A lot of the time the youths will sit there, seemingly bored, not asking any questions, acting as if Frey is just one more out-of-touch adult. But Frey has noticed that after his talks some of the kids will come up to him, one on one, and hesitantly start asking him things about his job, how to get the training, and so on. Frey gives them his phone number and takes an interest in them. If he sees a ‘Help Wanted’ sign in a store window and knows someone who needs a job, he calls the person and says to get on down there.

“The opportunity to talk to a male adult who understands them is important to these kids,” Frey said. “They need that.”

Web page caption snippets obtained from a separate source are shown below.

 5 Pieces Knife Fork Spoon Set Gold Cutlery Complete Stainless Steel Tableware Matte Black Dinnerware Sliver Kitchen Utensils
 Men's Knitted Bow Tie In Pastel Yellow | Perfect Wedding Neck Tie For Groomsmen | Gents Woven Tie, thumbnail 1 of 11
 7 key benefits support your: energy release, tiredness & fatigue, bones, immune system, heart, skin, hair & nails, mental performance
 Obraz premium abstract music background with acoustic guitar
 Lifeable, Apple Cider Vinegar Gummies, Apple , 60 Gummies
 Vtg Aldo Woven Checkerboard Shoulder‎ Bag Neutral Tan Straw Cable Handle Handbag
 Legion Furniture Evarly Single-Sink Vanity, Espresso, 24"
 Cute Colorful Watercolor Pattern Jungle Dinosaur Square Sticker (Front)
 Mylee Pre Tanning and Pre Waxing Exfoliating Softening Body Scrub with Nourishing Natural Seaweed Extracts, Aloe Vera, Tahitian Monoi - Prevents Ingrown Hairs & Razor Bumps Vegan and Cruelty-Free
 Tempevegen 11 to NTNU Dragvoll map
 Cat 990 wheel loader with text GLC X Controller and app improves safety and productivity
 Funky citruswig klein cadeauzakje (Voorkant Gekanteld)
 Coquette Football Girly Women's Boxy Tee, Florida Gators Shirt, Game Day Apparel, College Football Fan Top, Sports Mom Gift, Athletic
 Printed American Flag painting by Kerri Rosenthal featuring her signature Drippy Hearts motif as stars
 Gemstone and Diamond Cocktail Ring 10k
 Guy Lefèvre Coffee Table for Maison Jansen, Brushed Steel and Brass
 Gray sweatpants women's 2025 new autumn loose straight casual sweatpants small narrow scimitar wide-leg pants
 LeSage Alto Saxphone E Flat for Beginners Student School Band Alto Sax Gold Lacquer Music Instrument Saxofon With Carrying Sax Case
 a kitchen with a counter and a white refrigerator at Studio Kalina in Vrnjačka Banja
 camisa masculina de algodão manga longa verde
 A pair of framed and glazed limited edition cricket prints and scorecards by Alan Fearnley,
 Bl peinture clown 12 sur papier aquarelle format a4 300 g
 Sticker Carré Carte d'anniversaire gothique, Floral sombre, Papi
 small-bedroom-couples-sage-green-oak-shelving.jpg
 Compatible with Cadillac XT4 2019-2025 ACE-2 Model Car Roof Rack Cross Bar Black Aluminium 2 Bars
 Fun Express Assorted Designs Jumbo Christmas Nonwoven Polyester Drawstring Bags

‘His work has been tremendous,” Northrop spokesman Ron Owens said. “Eddie has shown through example that he wants to give back the opportunity he was given. Some people would do it once and call it even-steven, but Eddie’s been giving and giving and giving. It’s people like Eddie that are going to make a difference.”

Frey takes an almost fatherly pride in the success stories. There was the high school dropout and gangbanger who, after being taken under Frey’s wing--including getting Saturday-morning math tutoring from Frey--finished high school and eventually graduated with an accounting degree from UC Berkeley.

There was the young man incarcerated in the California Youth Authority whom Frey has helped to finish high school and get a heavy-equipment operator’s license. There are many others whom Frey helped to finish high school, sometimes by gentle encouragement, sometimes simply by “getting on their case” and challenging them to live up to their potential.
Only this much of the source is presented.